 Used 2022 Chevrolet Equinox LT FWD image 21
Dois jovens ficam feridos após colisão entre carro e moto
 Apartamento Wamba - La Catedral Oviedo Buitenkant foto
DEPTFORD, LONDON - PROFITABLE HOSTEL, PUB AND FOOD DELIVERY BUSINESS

____

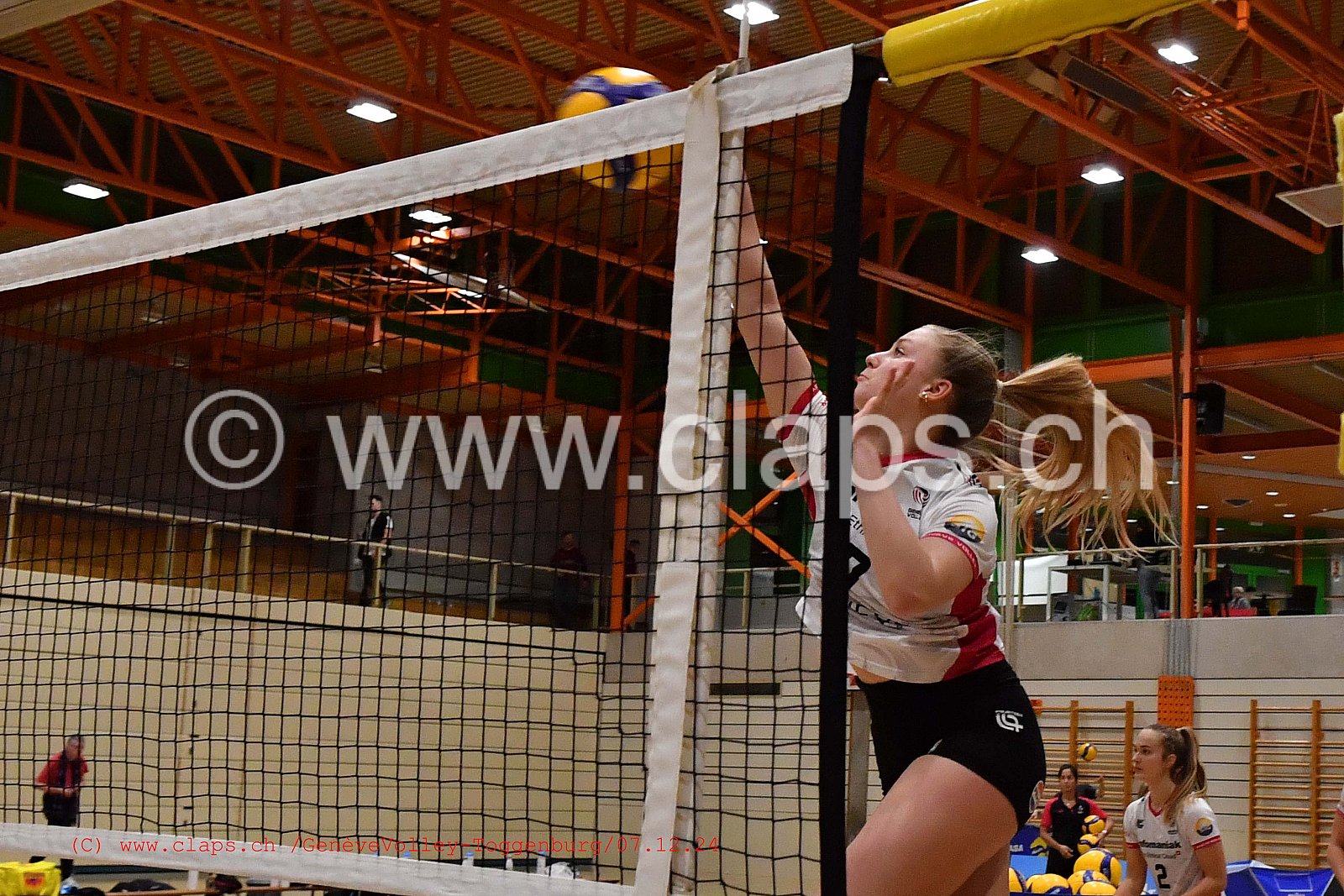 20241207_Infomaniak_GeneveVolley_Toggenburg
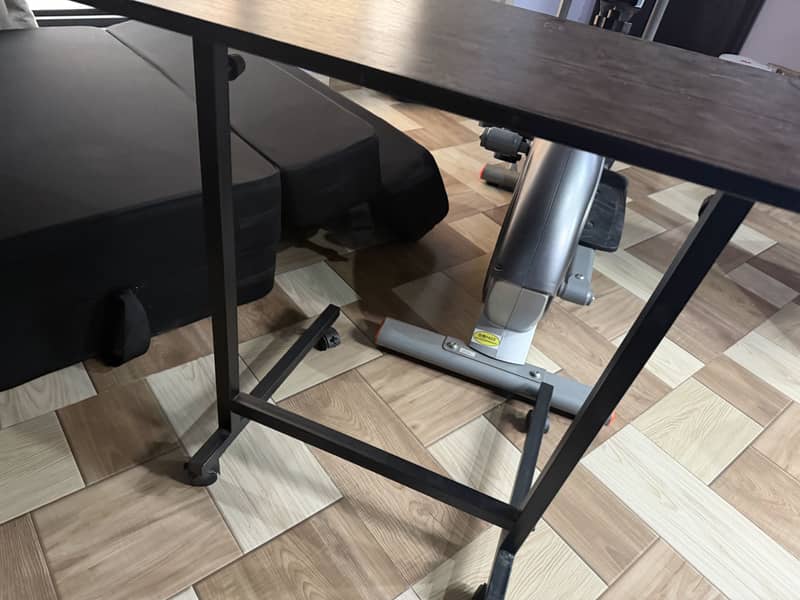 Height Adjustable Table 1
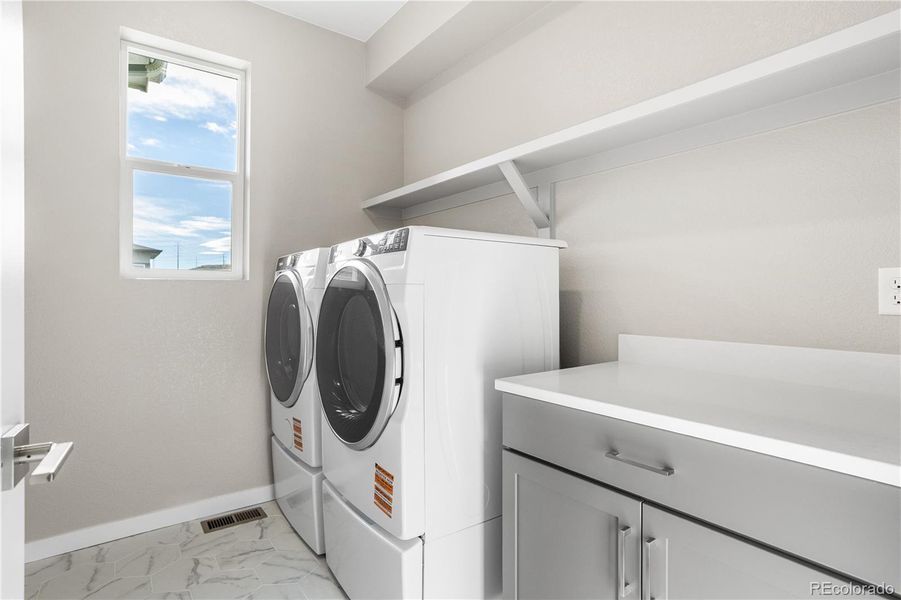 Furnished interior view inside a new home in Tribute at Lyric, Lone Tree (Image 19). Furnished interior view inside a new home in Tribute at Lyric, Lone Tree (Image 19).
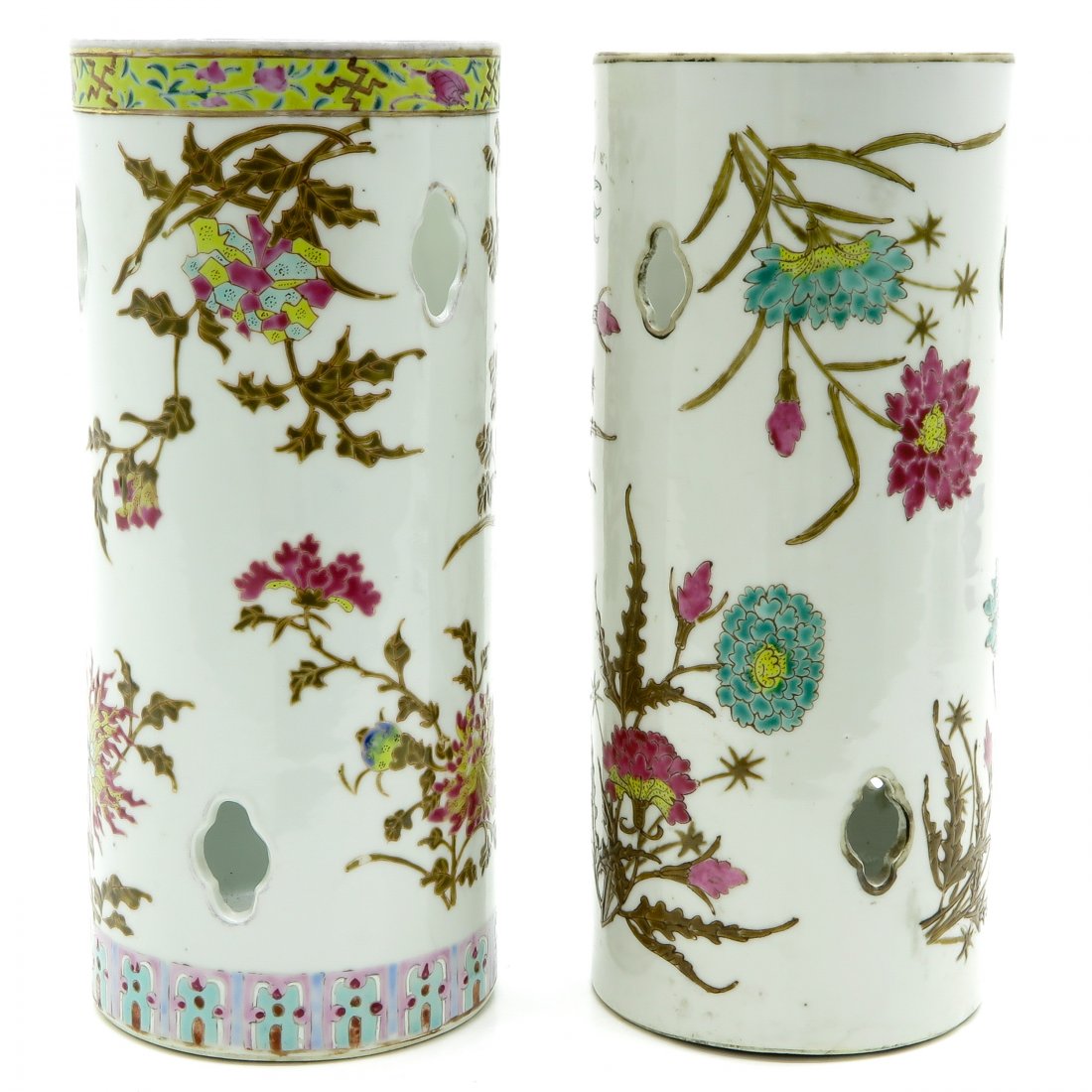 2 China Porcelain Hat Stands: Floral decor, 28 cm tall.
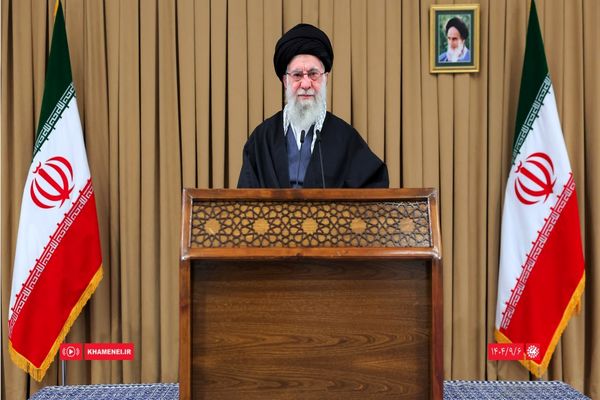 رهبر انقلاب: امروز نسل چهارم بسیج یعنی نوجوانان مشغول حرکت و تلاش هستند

____

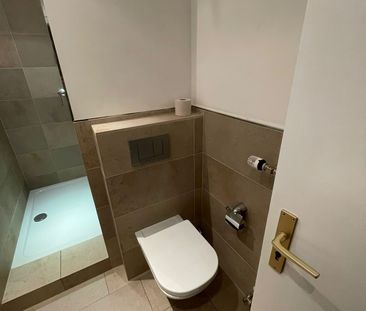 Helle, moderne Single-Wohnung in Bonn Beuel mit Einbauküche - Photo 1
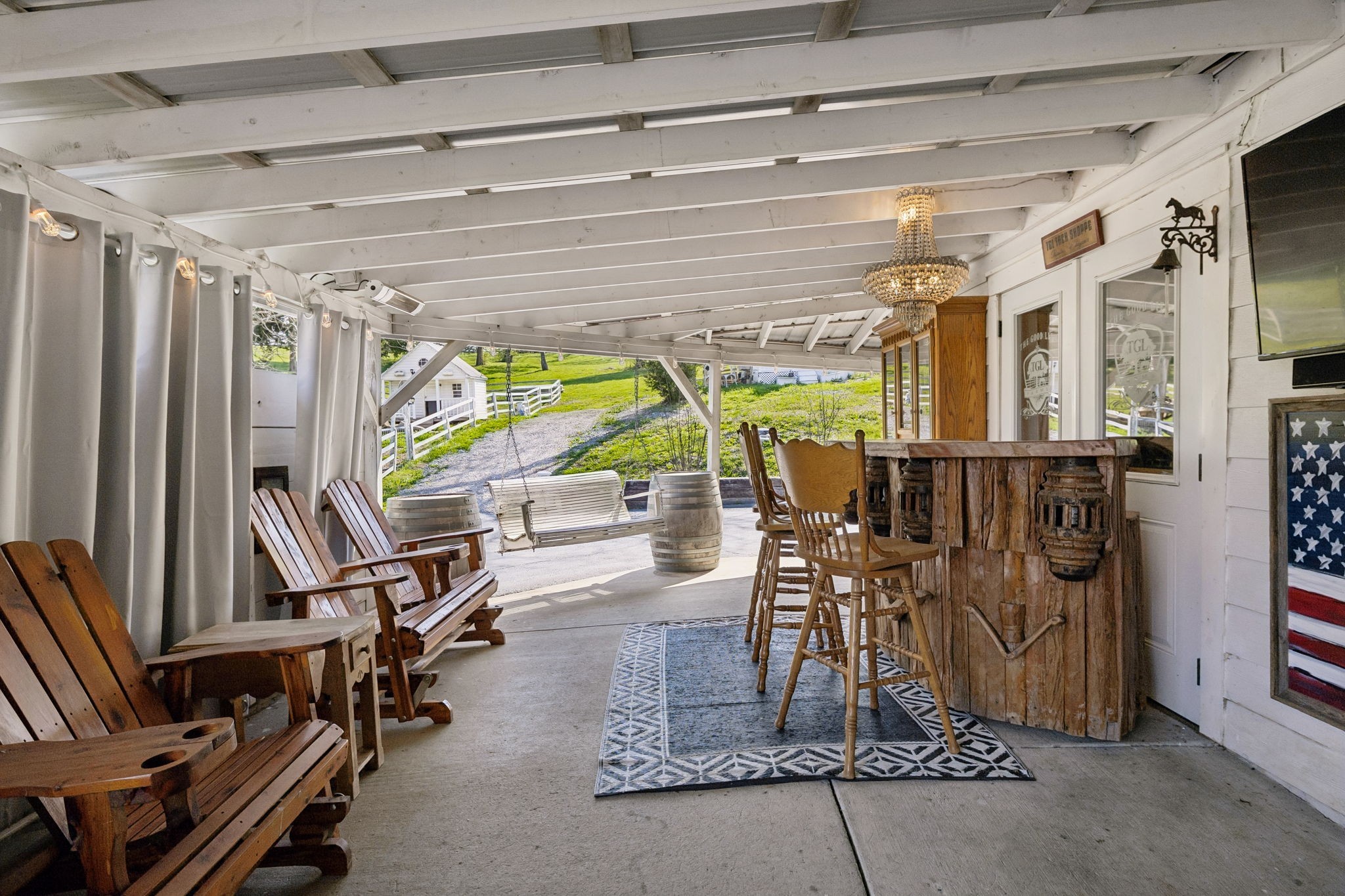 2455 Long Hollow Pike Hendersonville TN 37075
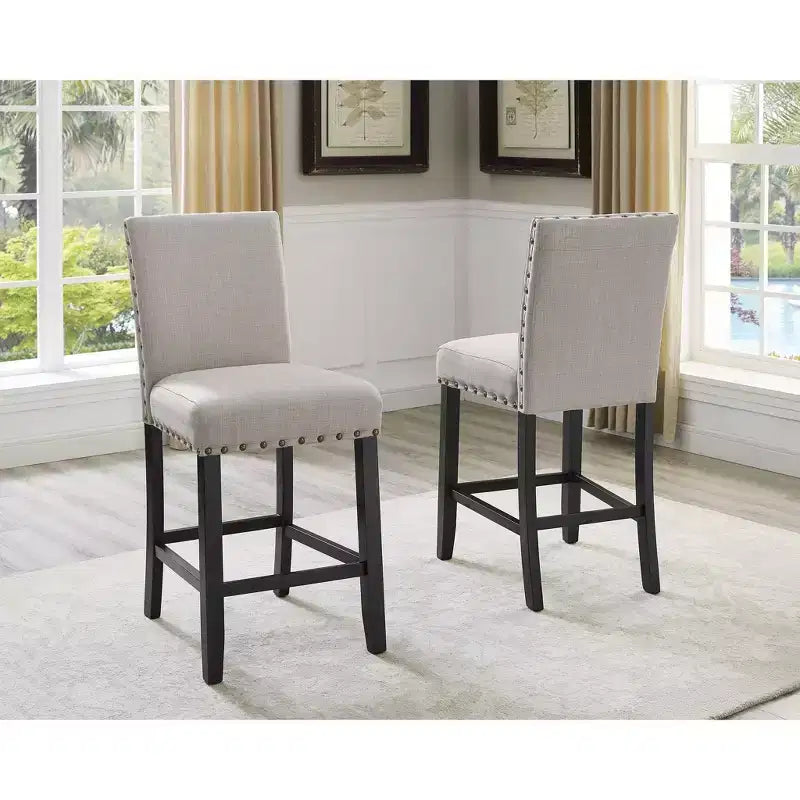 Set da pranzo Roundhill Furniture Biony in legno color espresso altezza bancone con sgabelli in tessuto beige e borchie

____

▶ **Prompt**: Scan the records above for the lines holding "Used 2022 Chevrolet Equinox LT FWD image 21" and "DEPTFORD, LONDON - PROFITABLE". Transcribe those two and every line between them word for word, and no others.

▶ **Written answer**:
 Used 2022 Chevrolet Equinox LT FWD image 21
Dois jovens ficam feridos após colisão entre carro e moto
 Apartamento Wamba - La Catedral Oviedo Buitenkant foto
DEPTFORD, LONDON - PROFITABLE HOSTEL, PUB AND FOOD DELIVERY BUSINESS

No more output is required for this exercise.